I built the project using birch for the face frame, door and drawer fronts, and for the changing guard also. Baltic Birch plywood was used for the top and sides. I used regular birch for the bottom and the divider.

To get some red tint into the finish, I sprayed all exterior pieces with some antique red cherry dye, then followed that up with Black Cherry. Finally, several coats of clear polyurethane (satin finish) were applied.

On a side note, I have been learning how to use Sketchup. This project was first designed in Sketchup so I could show her and her husband what the thing would look like. I built it according to the cut list I generated from the dimensions.

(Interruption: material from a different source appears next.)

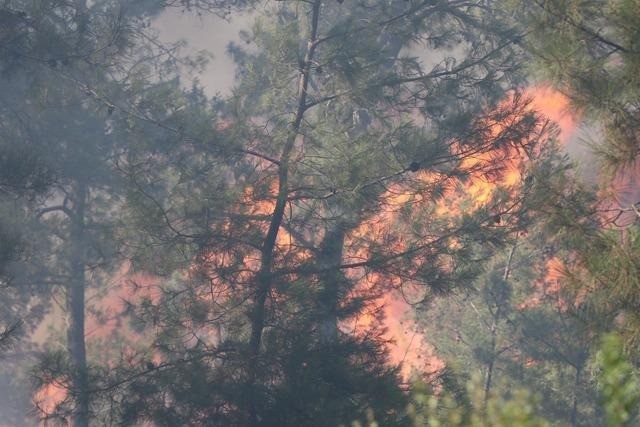 Bodrum'da orman yangını sürüyor! Vali açıklama yaptı: 2024'ün en ciddi yangınlarından biri - Resim : 1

I am pretty happy about the way it turned out. and they are also. The little feller is doing great. Another grandson to spoil! 

Hope you like it.
Mike


----------



## speckle-catcher (May 20, 2004)

Nice work Mike - you're really good at this!


----------



## MT Stringer (May 21, 2004)

Here are a few construction pics.

The drawers have half blind dovetails on the front and regular rabbet joints at the rear.


----------



## 69RRVERT (Sep 21, 2006)

Nice work as usual. This project came just in time as my son and I are about to start a major project ourselves. It answered a few questions that I had. Thanks, Steven


----------



## WildThings (Jan 2, 2007)

You do some fine work sir!


----------



## Gottagofishin (Dec 17, 2005)

I wish I had seen this a couple of months ago. My first grandson was born this past Thursday and we bought them one of these as a gift. 

I thought briefly about building one but just didn't have the time to think it through.

That looks at least as good as the one we paid too much for. Nice job Gramps.


----------



## peckerwood (Jun 9, 2012)

Your bigger project now is to pass your wood working talent to the grandson.That is beautiful work.


----------